Este bloque de poder negrero con tentáculos en el Congreso, el Ejército, la nobleza, la burguesía y en la extrema derecha, jugaría un rol crucial a lo largo del llamado Sexenio Revolucionario: desde el magnicidio del presidente Juan Prim por haber dado trámite a las leyes de preparación de la abolición de la esclavitud hasta la abdicación del rey Amadeo de Saboya por negarse a destituir un gobierno que iba a aprobar la abolición en Puerto Rico. Con tal de frenarla la alta sociedad se lanzará a la calle y las conspiraciones de pasillos, y cuarteles, hasta lanzar un ultimátum al rey el 10 de enero de 1873. La respuesta del movimiento obrero y republicano no será menor, Madrid saldrá a la calle el mismo día para proclamar su apoyo a la abolición.

Fuente: Manifestación del 10 de enero de 1873 en Madrid. Le Monde Ilustré. Biblioteca Nacional de Francia.

El pésimo cálculo de los esclavistas —al poner al rey entre la espada y la pared— conseguirá derrumbar su último escudo y provocará la proclamación de la República.
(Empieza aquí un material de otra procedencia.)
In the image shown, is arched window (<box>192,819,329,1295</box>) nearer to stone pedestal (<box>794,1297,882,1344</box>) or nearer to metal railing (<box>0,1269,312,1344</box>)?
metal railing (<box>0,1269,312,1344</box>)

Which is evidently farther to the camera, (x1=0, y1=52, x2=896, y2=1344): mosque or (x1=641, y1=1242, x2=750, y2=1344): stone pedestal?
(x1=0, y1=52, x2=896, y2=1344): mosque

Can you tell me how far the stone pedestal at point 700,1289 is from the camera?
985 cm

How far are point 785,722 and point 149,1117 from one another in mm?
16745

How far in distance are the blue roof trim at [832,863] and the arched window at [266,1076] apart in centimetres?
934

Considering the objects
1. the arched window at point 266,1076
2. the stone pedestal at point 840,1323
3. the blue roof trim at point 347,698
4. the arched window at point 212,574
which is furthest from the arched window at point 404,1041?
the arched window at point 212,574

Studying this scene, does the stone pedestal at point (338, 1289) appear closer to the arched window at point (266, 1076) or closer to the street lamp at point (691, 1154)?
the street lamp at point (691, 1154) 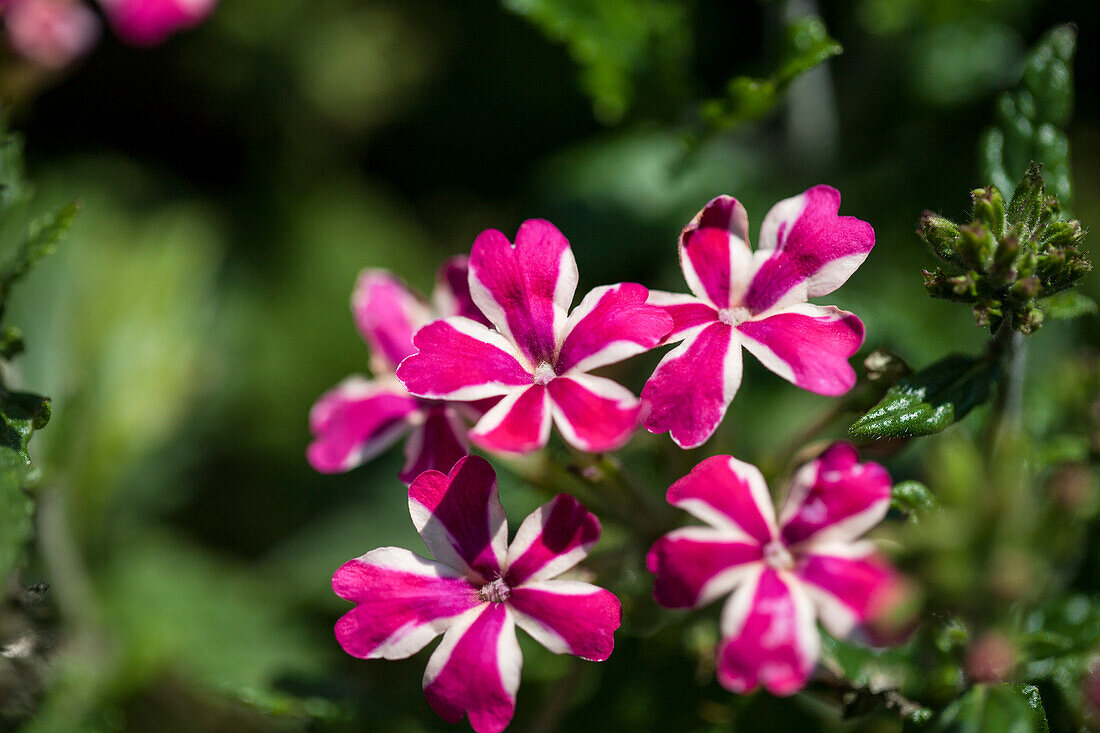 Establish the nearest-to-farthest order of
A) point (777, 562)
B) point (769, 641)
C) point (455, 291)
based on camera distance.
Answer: point (769, 641) < point (777, 562) < point (455, 291)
Puesto que el 9 de febrero debía empezar el debate parlamentario sobre la abolición, el 10 abdicaba Amadeo y el 11 se proclamaba la República y con ella el abolicionismo redoblaba su impulso: el 17 de febrero se discutía la ley y en menos de un mes era aprobada por haber hecho de ella una cuestión absolutamente fundamental de gobierno el primer presidente demócrata, republicano y federal de España: el catalán Estanislao Figueras. Un diputado, el republicano federal valenciano Juan Domingo Ocón, propondría inmortalizar el día pidiendo que se esculpiera en losa de mármol para los muros del Congreso de los Diputados la siguiente leyenda:

«Este día famoso, fue rota la cadena del esclavo —añadiendo solemnemente a continuación— Es preciso, señores, que las generaciones venideras puedan decir mañana al recordar nuestros humildes nombres, como dijera un día el orador romano: “La vida de los muertos consiste en la memoria de los vivos”».
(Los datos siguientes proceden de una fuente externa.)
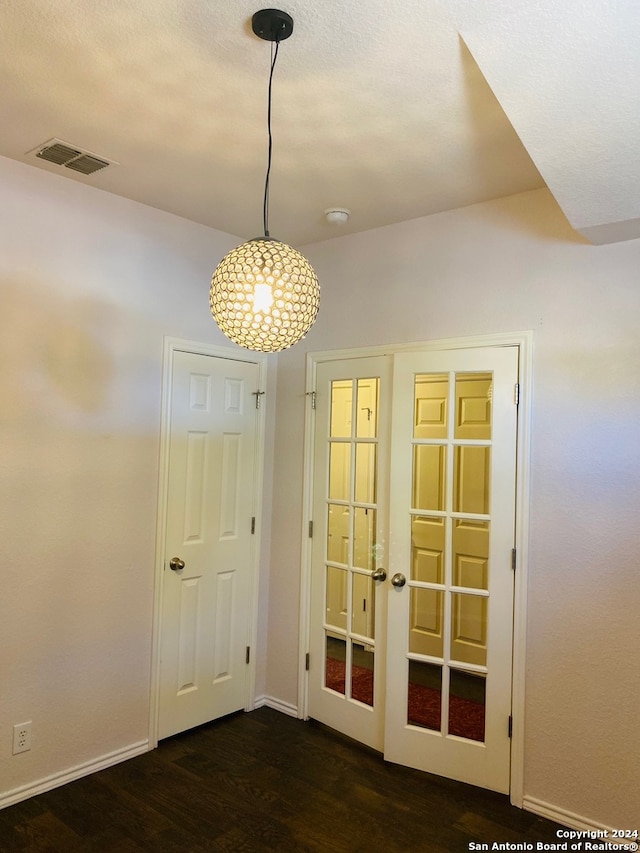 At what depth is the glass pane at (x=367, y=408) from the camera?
3.15 meters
El golpe de Estado de 1874 supondría, tal como ocurrió en Francia en 1799 y en 1852 con los golpes de Napoleón I y Napoleón III contra la Primera y la Segunda República francesa respectivamente, la restauración de la esclavitud. En consecuencia, se abrirían las puertas del gobierno a todos los hombres a sueldo del poder esclavòcrata con militares como Serrano y Topete o políticos como Sagasta. El regreso de los borbones en 1876 llevaría hasta el final la contrarrevolución esclavista, para la burguesía negrera significaría la cúspide de toda una carrera con el ennoblecimiento de su poder por la gracia de Alfonso XII.

Fuente: La Flaca: Tomo 2, No. 054, 28 de febrero de 1873.

No está de más señalar, a modo de conclusión, la genealogía que va de los negreros a los fascistas —como hiciera Oriol Junqueras en su libro Els catalans i Cuba (Pòrtic, 1998)—. Desde su actuación en las colonias y en la metrópolis, armando escuadrones paramilitares en las primeras para defender las plantaciones y financiando a la extrema derecha carlista en la segunda, hasta los linajes directos como apunta Piqueras: fue un biznieto de un negrero, José Antonio Primo de Rivera, el fundador de la Falange Española. Ahí reside el valor de este libro que desentraña la fundación histórica del racismo en tanto que ideología de la oligarquía para justificar su propiedad esclavista. Quizás este sea el motivo por el cual multimillonarios descendientes de esclavistas como José Joaquín Güell y de Ampuero se tomen la molestia para homenajear a sus antepasados negreros con todo desparpajo mientras que, en cambio, desde el Sindicato de Manteros siguen denunciado el legado de aquel poder infernal.